Rebirth of ODODE-IDANRE Cooperative Multipurpose Union
Wasimi, Ondo East Local Government Area, Ondo State, Nigeria. Odode Cooperative Multipurpose Union (CMU) was registered in early 1958 as a marketing union in Ondo State, Nigeria. It had a membership of over 650 cocoa farmers. The union traded over 5000 metric tons of cocoa. The union was doing well and making progress. Odode CMU had a warehouse, fuel station and office building. However, all development ended in 1986 when the cocoa trade was liberalized in Nigeria. The cocoa board was abolished and no protection for the members of the cooperatives was provided. As a result, membership dropped from 650 to 120 cocoa farmers and the volume of cocoa traded fell from 5000 to 20 metric tons a year.
When the WCF Cocoa Livelihoods Program (WCF/CLP) started in 2009, program implementers faced a tough challenge in bringing this farmer organization back to life. After many hours of training and support, Odode CMU is back on the path to growth. Membership has increased from 120 to 480 farmers and the volume traded from 20 tons to 105 tons. The Union has hired a competent manager and the account books are being used. ODODE is now linked to a reputable exporter in Nigeria that provides access to agri-inputs for members. The democratic life of the cooperative is also stronger. New officers have been elected, the board meets on a regular basis and several committees are operational. The latest achievement by the farmer organization was obtaining its registration under the UTZ certification program.

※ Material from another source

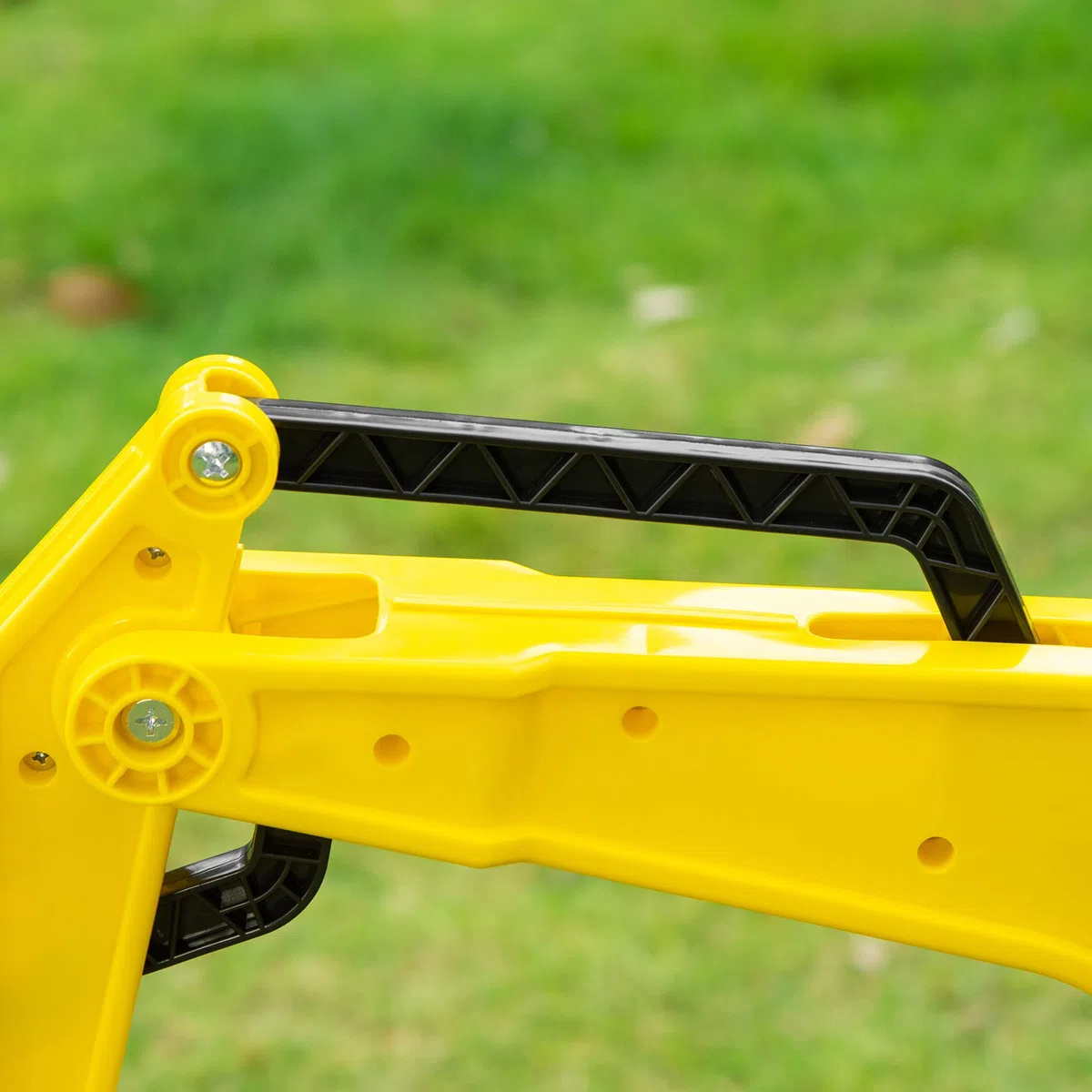 HOMCOM Ruspa Giocattolo Cavalcabile a Pedali per Bambini 3-6 Anni, Escavatore con 4 Ruote, Acciaio e Plastica, 107x42x71 cm, Giallo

Pius Akinmubori, who was elected president of the group for a second term, told us the following, “Through collective trading, I now obtain good prices for my cocoa. I have benefited through input support from a local exporter, which I will pay back through cocoa supplied to it. The interest rate is reasonable when compared with borrowing on the open market. Farmer Field School (FFS) has also trained me to use fewer chemicals and convinced me of the importance of cleaning and pruning on my farm. I sold more than 5 metric tons of graded cocoa to the union last trading season compared to the one ton I supplied in the past. My confidence has increased by being a union member. And I have more income.”